The recent Veterans Day got more media notice than usual as the 100th anniversary of Armistice Day, its earlier form, created to commemorate the ending of World War One. That war was demoted to just another world war from the “Great War” when it turned out not to be the “war to end all wars.”
It is hard to find an account of WWI that doesn’t point out its most salient feature: the utter waste and purposelessness of it. 12 million lives thrown away. (Nothing, of course, to the 70-odd million lost in the war it failed to prevent.) Huge suffering from the most horrible weapons and methods of fighting (gas, flamethrowers, disgusting trench warfare) for , it would seem, nothing. Or certainly not enough.
And the ending to that war was the most tragic, disgraceful day of that disgraceful war. The newspaper articles told about deaths right up to and after the agreed-upon ending. The 10,000 or more deaths the final day were more than in all of WW2’s D-day invasion.
It’s a terrible thing for a young life to be lost in a war.
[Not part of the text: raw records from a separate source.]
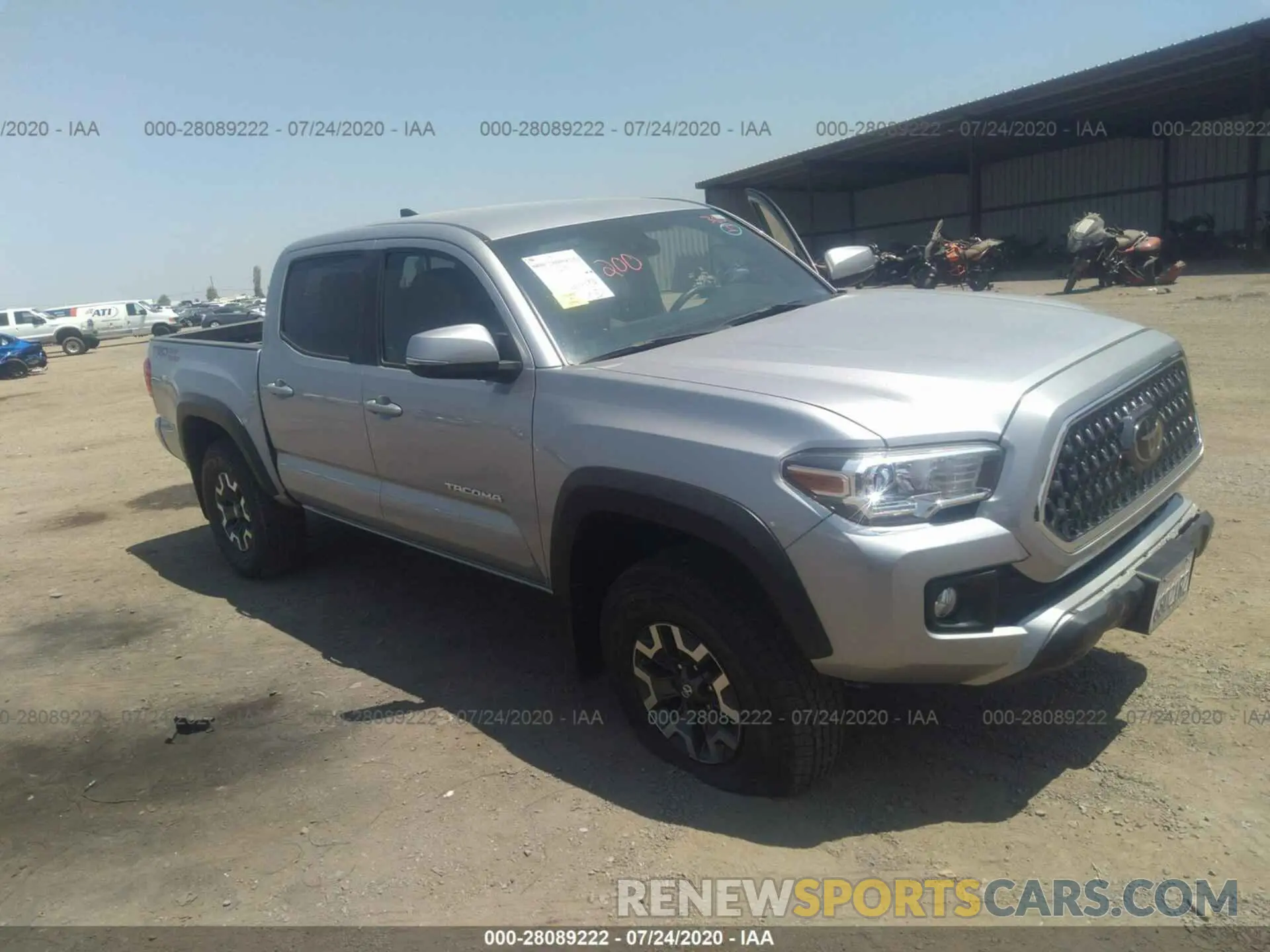 1 fotografías del automóvil dañado 3TMAZ5CN7KM078936 TOYOTA TACOMA 2019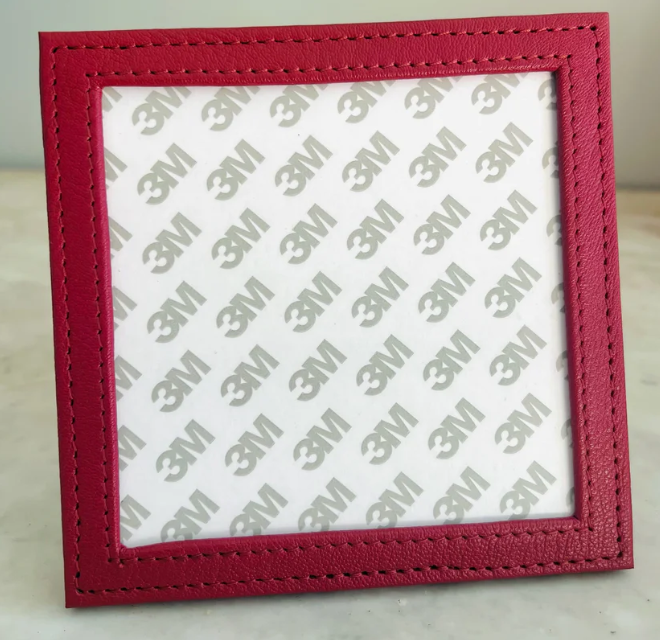 Self-finishing Leather Picture Frame w/ Kick Stand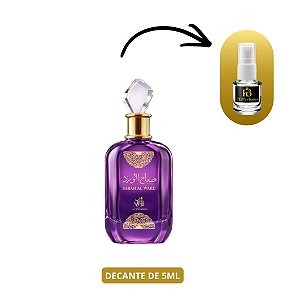 (Decant 5 Ml) Sabah Al Ward Delilah EDP Feminino - Al Wataniah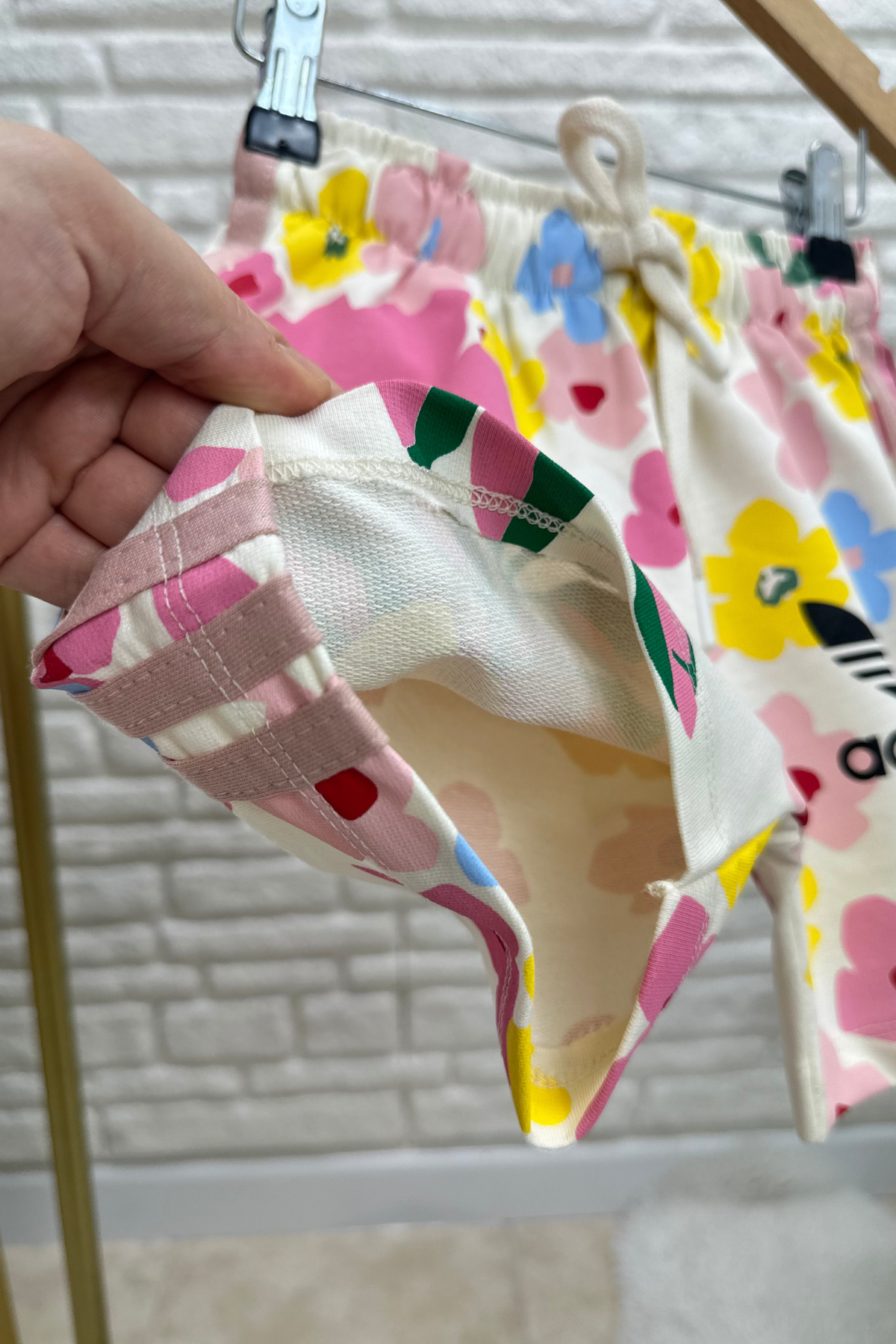 Unisex Çiçekli Adids Şortlu Yaz Takım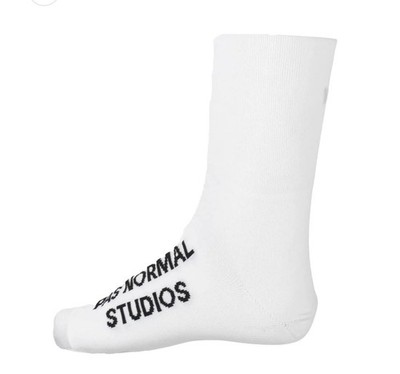 PAS Normal Studios LOGO Oversocks Weiß Neu mit Etikett Größe L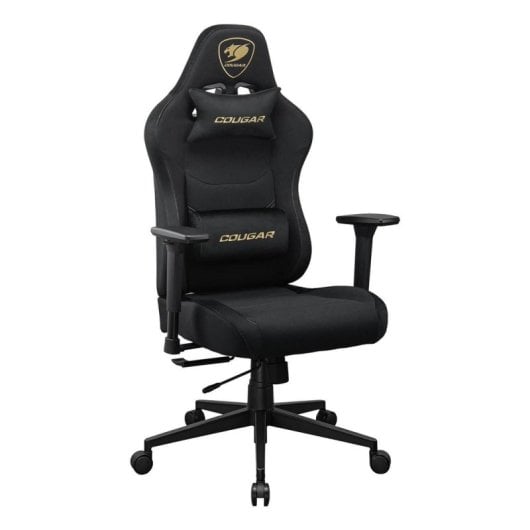 Sedia gaming Cougar Pryme nero oro 3D braccioli regolabili 120 kg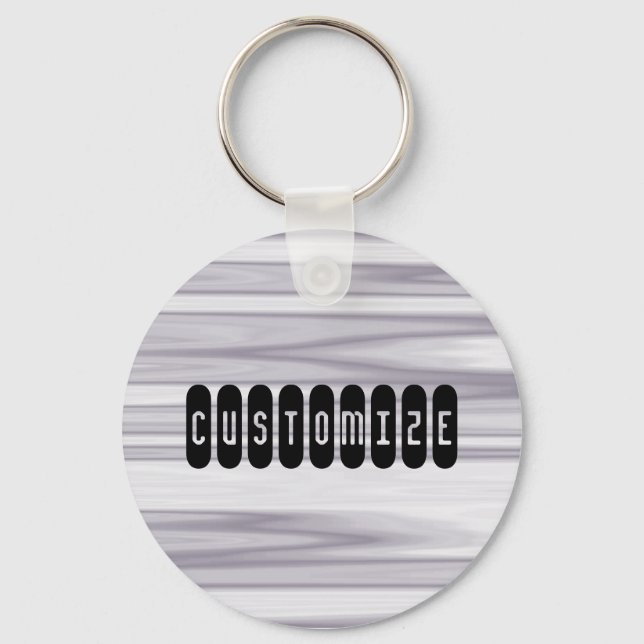 Ripples - Template Keychain (Front)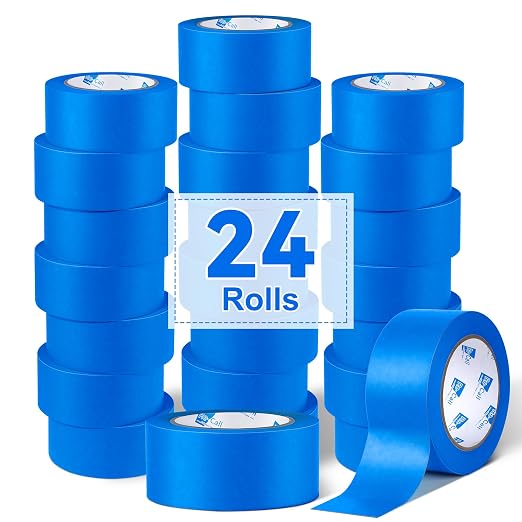 Re-Call Painters Tape 2 Inch Wide, 24 Rolls Painting Tape, 1320 Total Yards. by Re-Call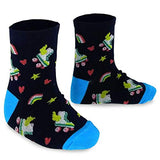 TeeHee Little Girls Cotton Basic Crew Socks 12 Pair Pack (202627)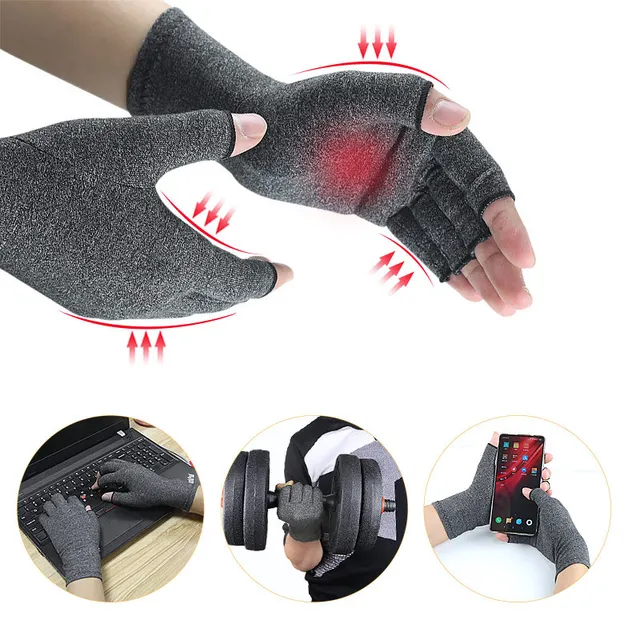 Cotton Compression Arthritis Gloves 3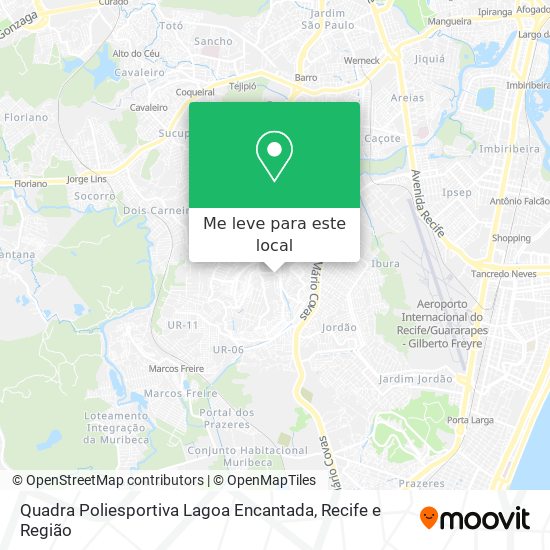 Quadra Poliesportiva Lagoa Encantada mapa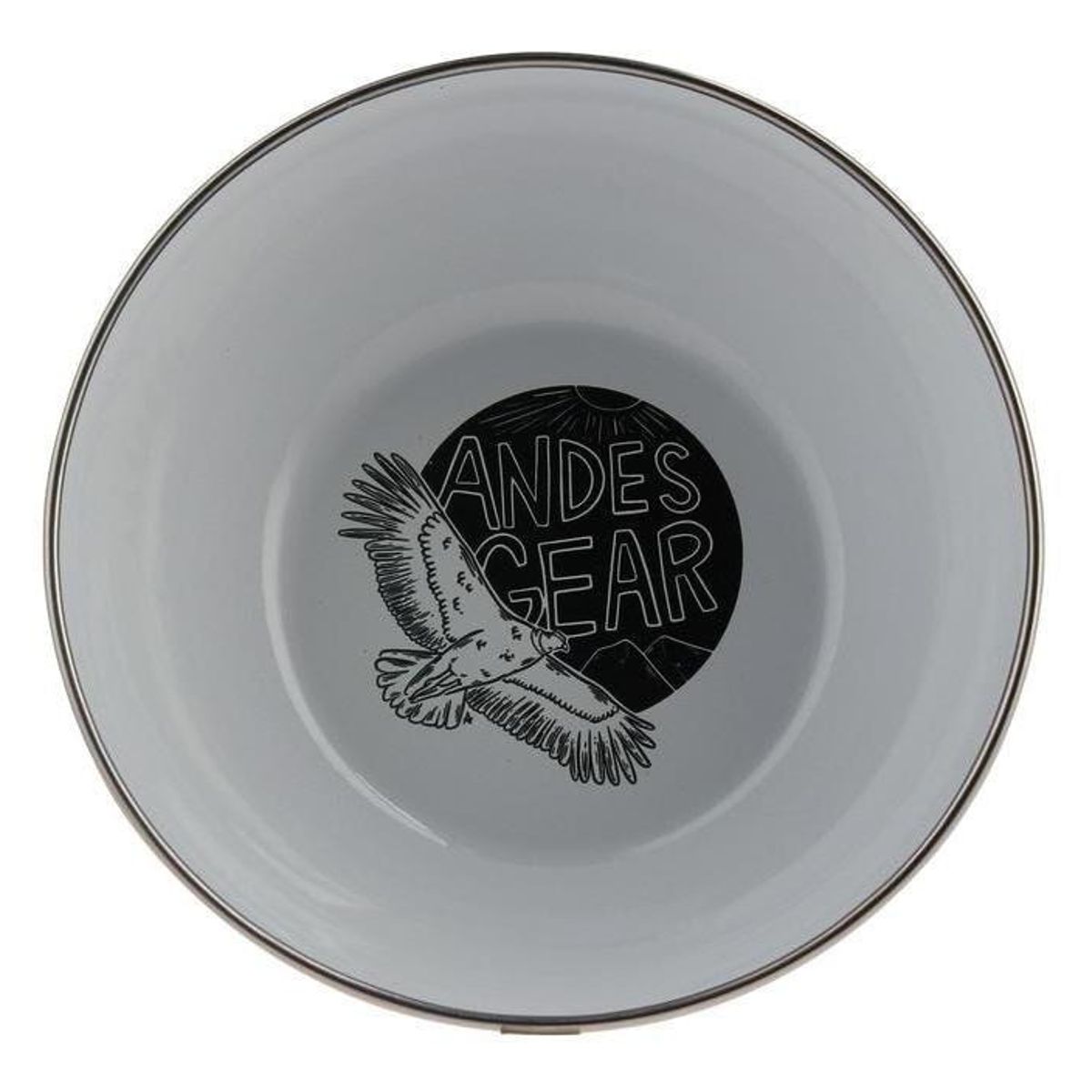 ANDESGEAR - Bowl Enamel Cóndor Blanco Andesgear ANDESGEAR
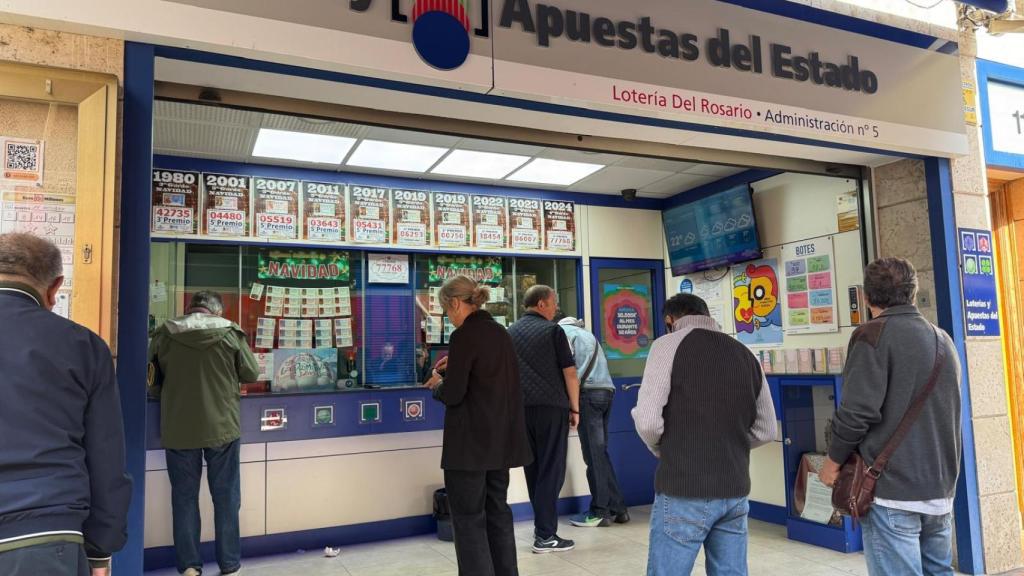La sede de Lotería del Rosario en Calle Don Jaime (Zaragoza).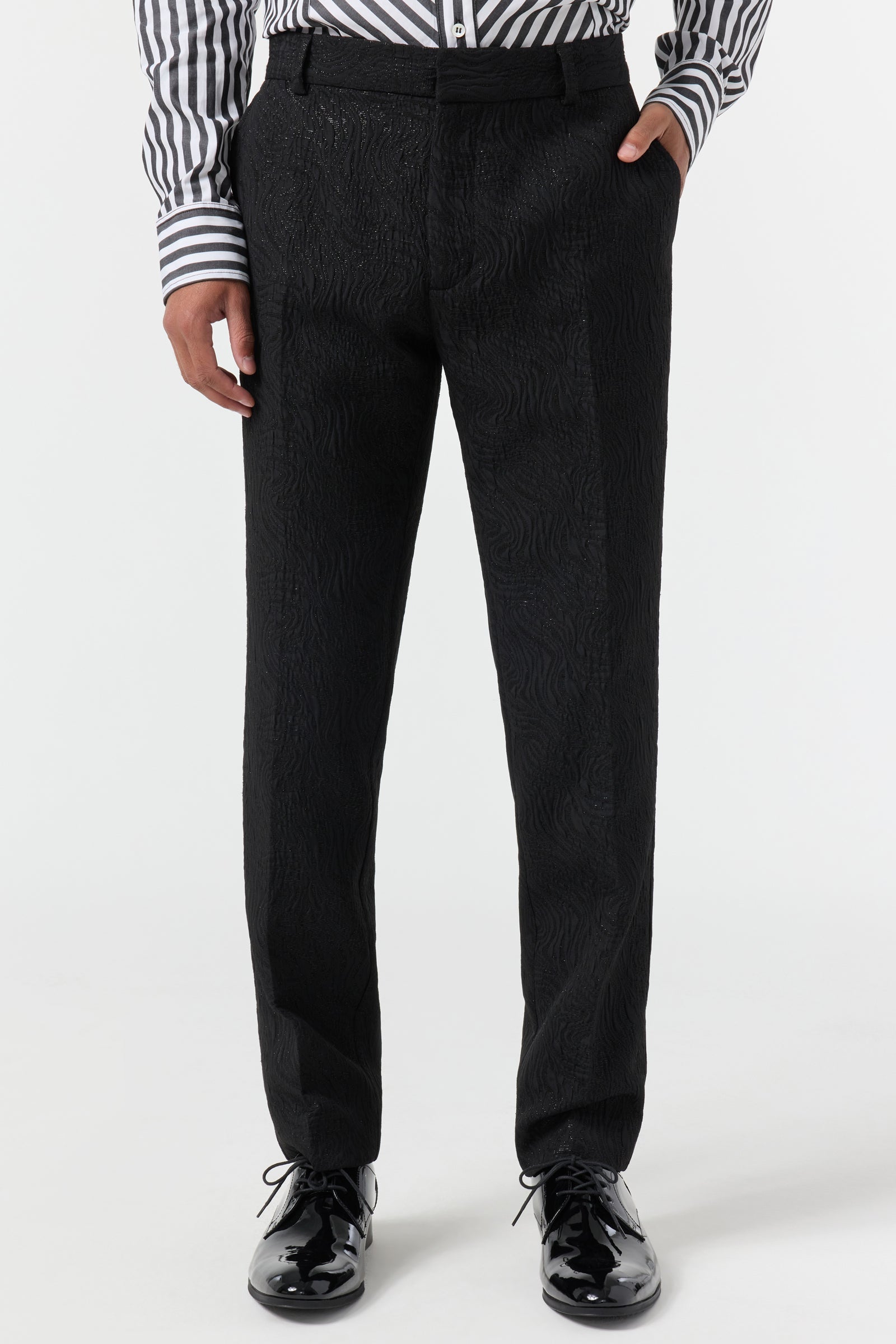 Clyde Slim Trouser - Metallic Groove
Ultimate sacrifice indeed. But for that war to be widely considered, by many even at the time, useless, and eminently avoidable?
Writing after WW1, Winston Churchill wrote with irony about his early, pre-WW1 warrior years, in which he eagerly sought an opportunity to prove himself upon the glorious battlefield of a war, any war. It had been the last time, he and others thought, when when such a romancing of war was possible.
Armistice Day was in 1954 changed to Veterans Day, switching the emphasis from that terrible war to veterans of all wars, although perhaps most people at the time had in mind the victors of WW2, widely seen in contrast to WW1 as both necessary and of course successful. .
It’s good to see newspaper articles about the Armistice Day origins of Veterans Day. Unfortunately, they tell it as ancient history. But America’s wars from the Vietnam War on, while not of the same scale, have a lot in common with WW1: suspect raison d’etre (“domino theory,” “weapons of mass destruction,” etc), dubious goals, disapproved of at home at least for much of their duration, experienced as morally and psychologically damaging by many participants.
The desire to honor the service of veterans is completely understandable. But there is something crazy-making and morally confused in Veterans Day’s determination to honor and praise the warrior separate from the meaning of the war. It seems part of a post-Vietnam era effort to redeem the experience of those doing the dubious work of wars that most of us believe we shouldn’t be fighting.– to make participant-victims feel more like patriotic heroes.
Courage is exhibited on all sides of all wars, good or bad. But courage is not necessarily heroic. Heroism, according to Merriam-Webster, is courage “especially as exhibited in fulfilling a high purpose or attaining a noble end.” (911 first responders going into a doomed building to save lives comes to mind.) Heroism in this sense is not really possible in a morally compromised and unnecessary war.
The late John McCain seems an exception to this, his story of great courage under terrible circumstances made even more poignant as part of a war widely deemed not worthy of his sacrifice. It’s an exception that proves the rule. His experience was hardly typical of that war. There were many brave draftees and volunteers, but as we know from many firsthand accounts (and credible movies), the typical experience was hardly meaningful, let alone patriotically heroic. And not just because of the greeting they got on returning home.
We could do with a return to the sober spirit of the original Armistice Day as a day of reflection on peace and avoidance of wars not worthy of those who fight them.